Dave and Jean also consistently made annual gifts to their children and their spouses. These gifts tended to consist of "cash or ownership interests in various True companies valued at the maximum allowable amount that would not trigger gift tax." Estate of True, 82 T.C.M. (CCH) at 37. However, the gifts were never received as cash in hand. Rather, cash gifts were deposited into business bank accounts assigned to each recipient. The funds were then "invested in the True companies, either by purchasing ownership interests or by making interest-bearing loans, or both." Id.
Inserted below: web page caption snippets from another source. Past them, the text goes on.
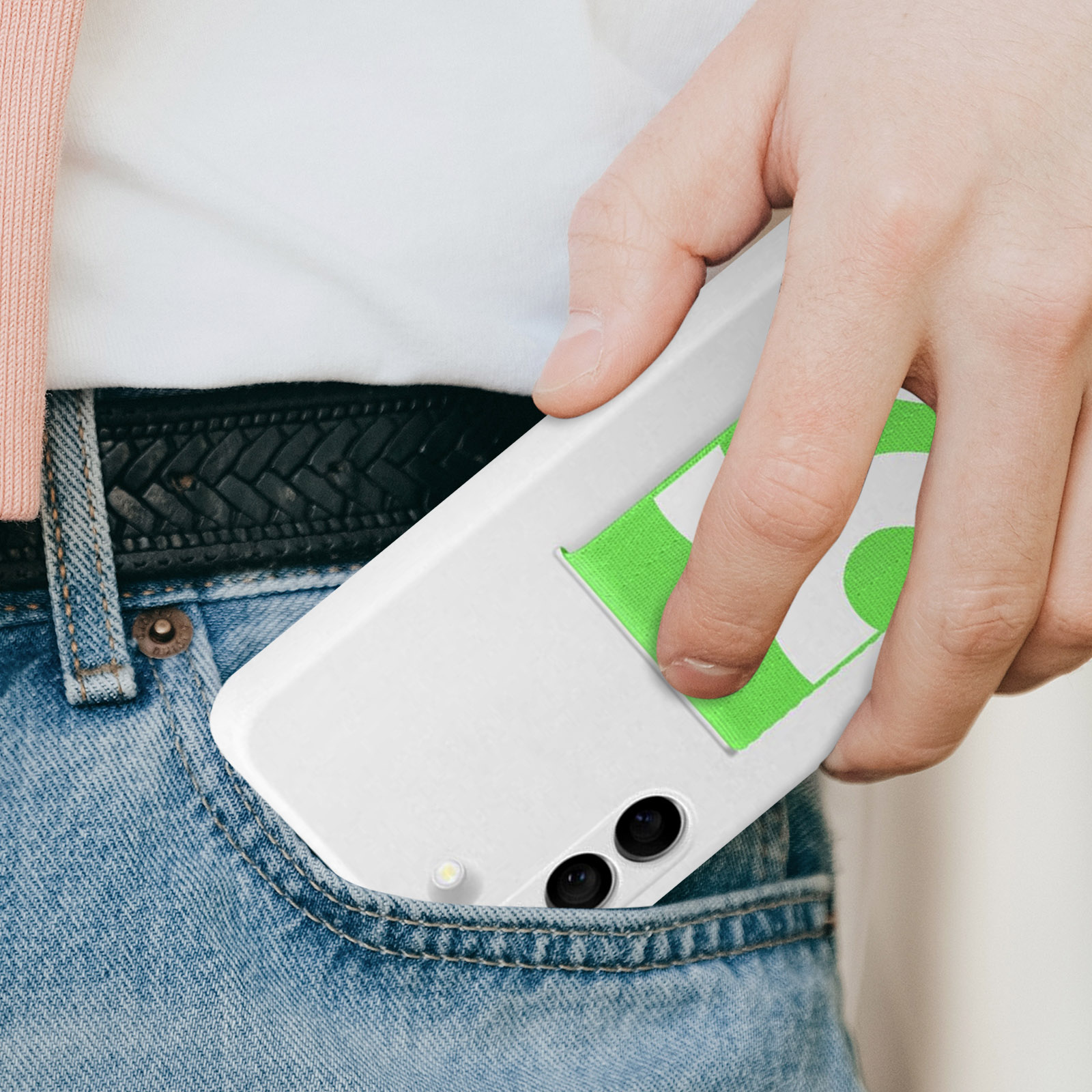 Ręka trzymająca biały telefon z zieloną kieszenią w kieszeni dżinsów.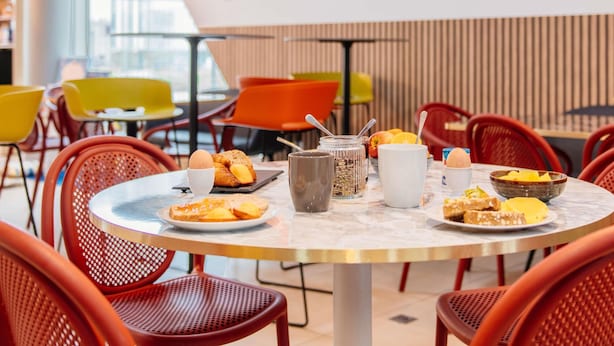 Comedor con mesas redondas, sillas rojas y diversos alimentos para el desayuno.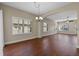 Spacious living room with pristine wood floors and plantation shutters, bathed in natural light at 3608 Mount Hope Loop, Leesburg, FL 34748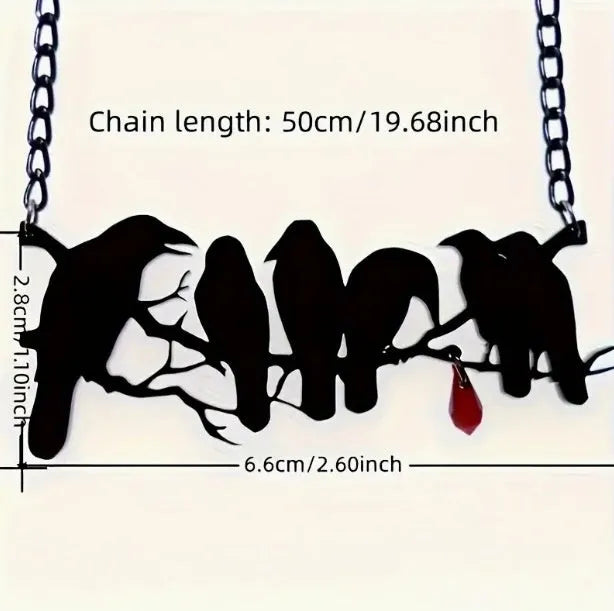 Black electroplated alloy crow pendant necklace on a cross chain for women.
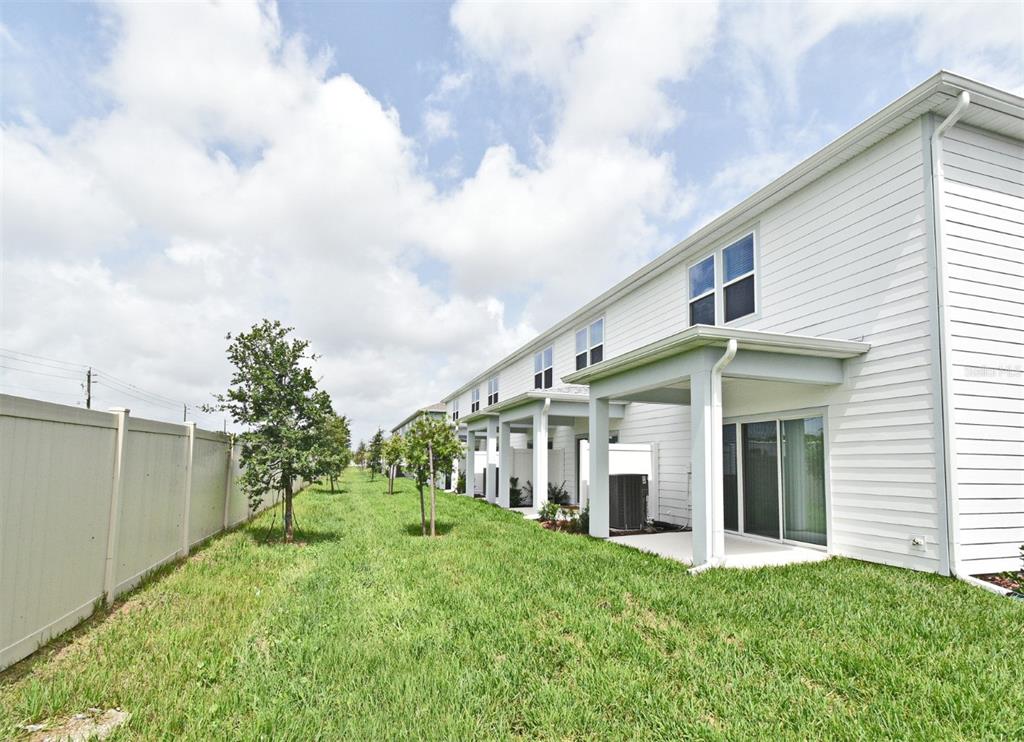 A white multi-unit townhouse exterior with a grassy yard and a vinyl privacy fence — 3101 EMERALD ACRES LANE, SANFORD, FL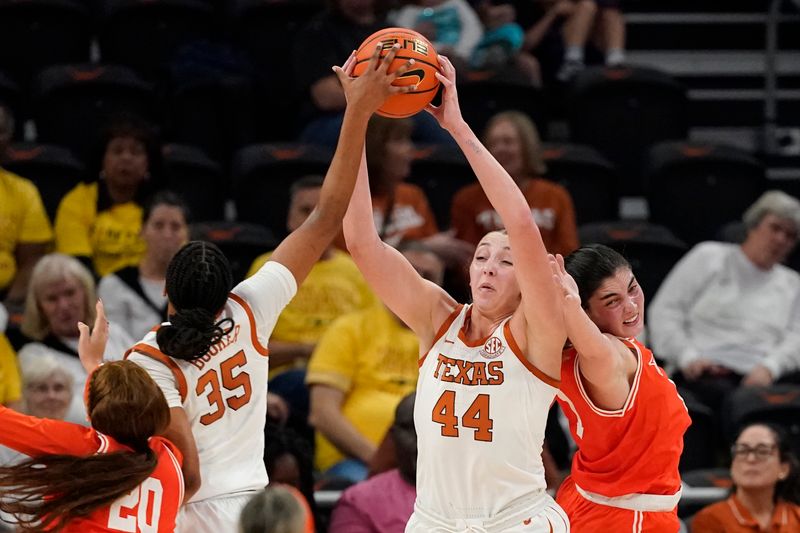 Dec 29, 2024; Austin, Texas, USA; Texas Longhorns forwards Taylor Jones (44) and Madison Booker (35) reach for a rebound against Rio Grande Valley Vaqueros forward Charlotte O'Keefe (1) during the second half at Moody Center. Mandatory Credit: Scott Wachter-Imagn Images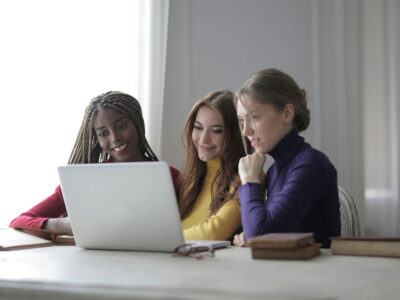 a group of women looking at a laptop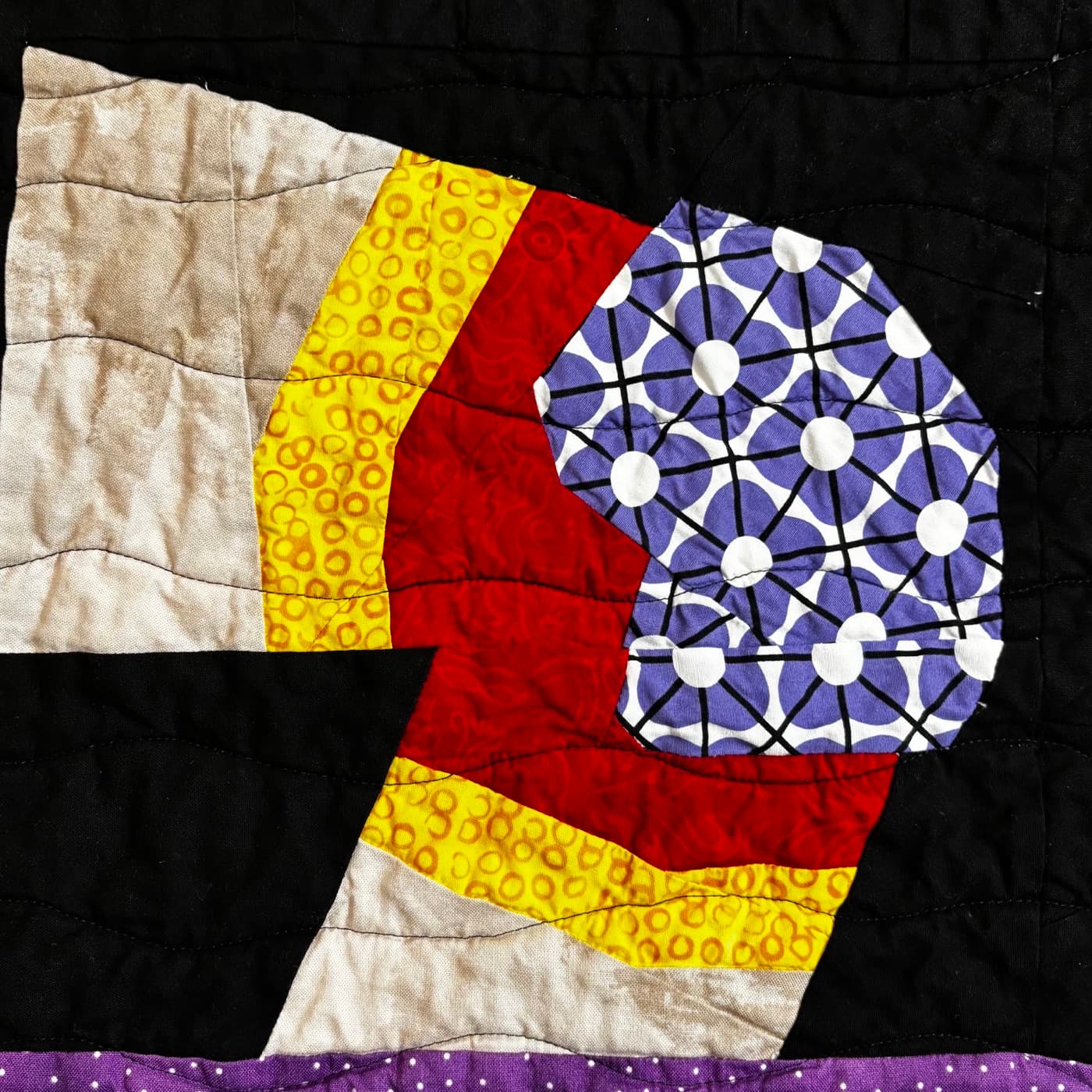 Abstract pieced block in red, yellow, and purple prints on black fabric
Over the years, the children acquired interests in other True companies, including Eighty-Eight Oil, Black Hills Trucking, True Ranches, and White Stallion Ranch. In obtaining these interests, the children became partners or shareholders in the companies, entered into buy-sell agreements for each, and fulfilled the terms of the agreements by active participation in the businesses. The True children, or their spouses, owned equal percentages of interest in the companies, regardless of the extent of their individual involvement in each. Hank eventually became responsible for managing Belle Fourche Pipeline, Eighty-Eight Oil, and the True family environmental cleanup company. Diemer managed Black Hills Trucking, as well as another True business. David became manager of True Ranches and True Drilling. Tamma briefly worked for the family businesses as a personnel coordinator, and her husband, Donald Hatten, also worked for the True businesses for about ten years.

In 1984, Tamma and her husband withdrew from the True companies to open a ranch operation wholly independent from the True businesses. In accordance with the buy-sell agreements, Tamma's parents and brothers bought out her interests in the companies at tax book value. The combined purchase price Tamma accrued for these interests equaled over $8.5 million. This amount was offset, however, by two of the True companies' negative book values amounting to nearly $1.7 million at the time of the sale. After the sale, the rest of the family amended their various buy-sell agreements to reflect that Tamma and her husband were no longer owners or participants in the family businesses. Likewise, Dave and Jean ceased making annual gifts...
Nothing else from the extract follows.